NAME

Regexp::Exhaustive - Find all possible matches, including backtracked and overlapping, of a pattern against a string

SYNOPSIS

use Regexp::Exhaustive;

my @matches = Regexp::Exhaustive->new('abc' => qr/.+?/)->all;

my $matcher = Regexp::Exhaustive->new('abc' => qr/.+?/);
while (my ($match) = $matcher->next) {
    print "$match\n";
}

__END__
a
ab
abc
b
bc
c

DESCRIPTION

This module does an exhaustive match of a pattern against a string. That means that it will match all ways possible, including all backtracked and overlapping matches.

The main advantage this module provides is the iterator interface. It enables you to have arbitrary code between each match without loading every match into the memory first. The price you pay for this is efficiency, as the regex engine has to do extra work to resume the matching at the right place.

As a convenience the all method is provided. Currently it isn't just convenient though. It's also more efficient than iterating through the matches using next. This may change though.

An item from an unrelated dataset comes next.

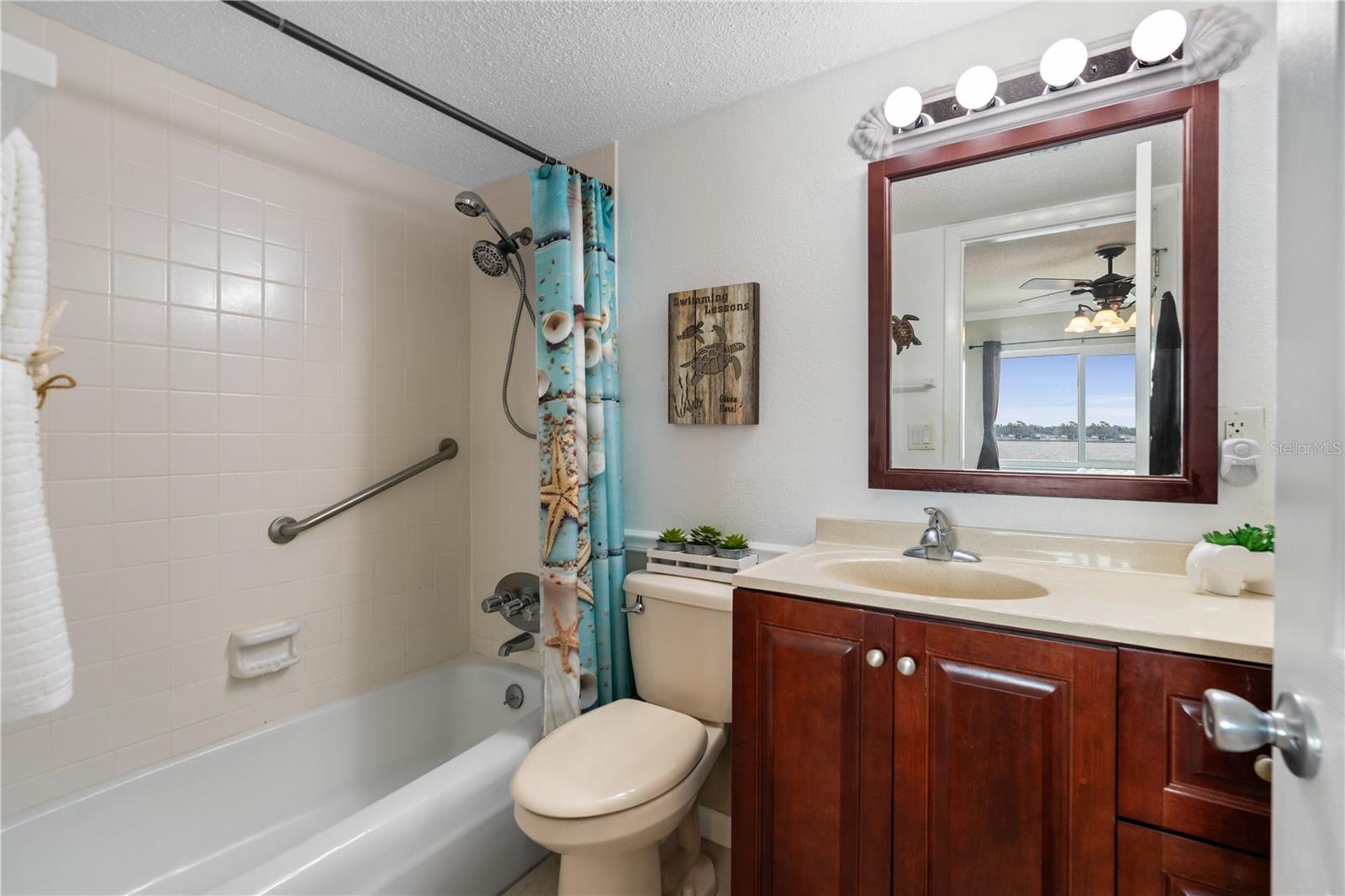 Image 21 of 42 For 2711 Halifax Avenue 264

This is an initial release, and many things may change for the next version. If you feel something is missing or poorly designed, now is the time to voice your opinion.

METHODS

For Regexp::Exhaustive

$matcher = Regexp::Exhaustive->new($str => qr/$pattern/)

new creates a new Regexp::Exhaustive object. The first argument is a string and the second is a qr// object.

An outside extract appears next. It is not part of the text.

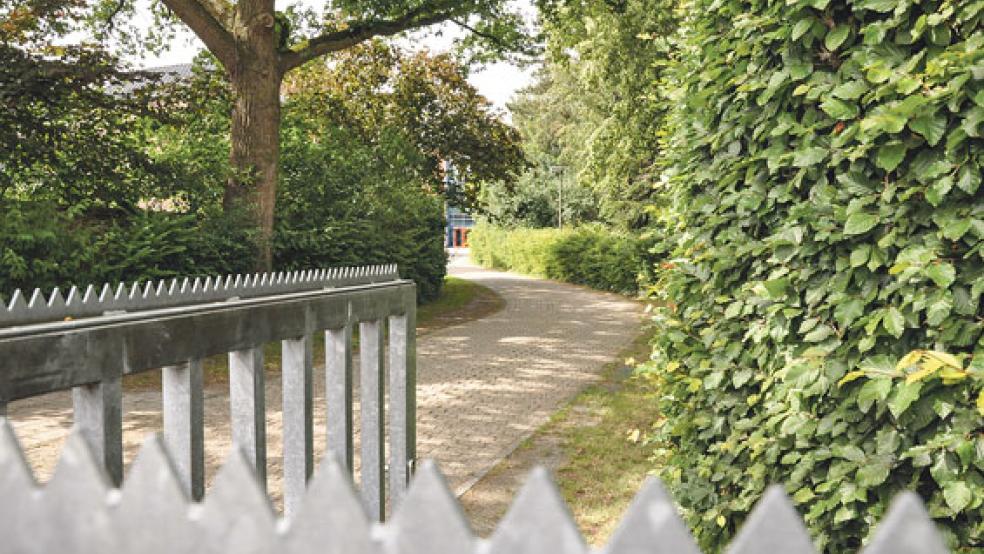 An der Wiesenstraße in Weener sollen neue Schulparkplätze entstehen. Das kündigte der Landkreis Leer als Träger der Oberschule an. Wo genau, steht noch nicht fest. © Foto: Boelmann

Do not change the string while using this object or any associated match objects. Copy the string first if you plan to use. That's easily done by quoting it in the call:

my $matcher = Regexp::Exhaustive->new("$str" => qr/$pattern/);

Currently the behaviours of (?{}) and (??{}) assertions in a pattern given to Regexp::Exhaustive are undefined.

$clone = $matcher->clone

Creates a clone of $matcher. Note that $str still will be referenced.

$match = $matcher->next

Returns a match object for the next match. If there's no such match then undef is returned in scalar context and the empty list in list context.

@matches = $matcher->all

Generates and returns all matches in list context. Returns the number of matches in scalar context. This method may interfere with the next method, so if you mix next and all, call all on a clone:

my @matches = $matcher->clone->all;

For the match object

Match objects are overloaded to return the matched string (the value of method match).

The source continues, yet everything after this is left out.